IRS Faces Staffing Crisis After Record-Strong Tax Season, Warns of Risks Ahead

The IRS reported one of its most successful tax seasons in recent years, collecting $850 billion in April—a 9.5% increase over last year—and another $371 billion in May, a 14.7% jump, according to Treasury Department data. However, those gains were achieved just before a significant reduction in staffing: more than a quarter of the IRS workforce has exited in the past three months, many through buyouts tied to Elon Musk’s U.S. DOGE Service initiative. The reduction was detailed in the National Taxpayer Advocate’s latest report, which warns that the IRS may not be equipped to handle next year’s filing season, especially if new legislation is enacted.

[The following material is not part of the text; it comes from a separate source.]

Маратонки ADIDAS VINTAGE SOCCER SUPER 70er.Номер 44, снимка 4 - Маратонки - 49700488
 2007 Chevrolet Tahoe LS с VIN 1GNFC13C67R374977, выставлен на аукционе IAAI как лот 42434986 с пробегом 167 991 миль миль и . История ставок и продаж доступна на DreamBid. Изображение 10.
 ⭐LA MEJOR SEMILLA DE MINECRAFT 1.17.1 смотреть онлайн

The agency has seen deep losses across nearly every unit. Over 2,000 IT staff have left, and critical administrative bodies like the Transformation and Strategy Office have been nearly dismantled. Customer-facing roles have also suffered, with over 9,000 employees in the Taxpayer Services division departing—despite the Trump administration’s stated goal to preserve public service functions. A federal hiring freeze has prevented the IRS from bringing in replacements. While 98% of returns were processed on time this year and hold times dropped significantly, officials caution that expected tax law changes, including those proposed in the “One Big Beautiful Bill Act,” could overwhelm the understaffed agency in 2026.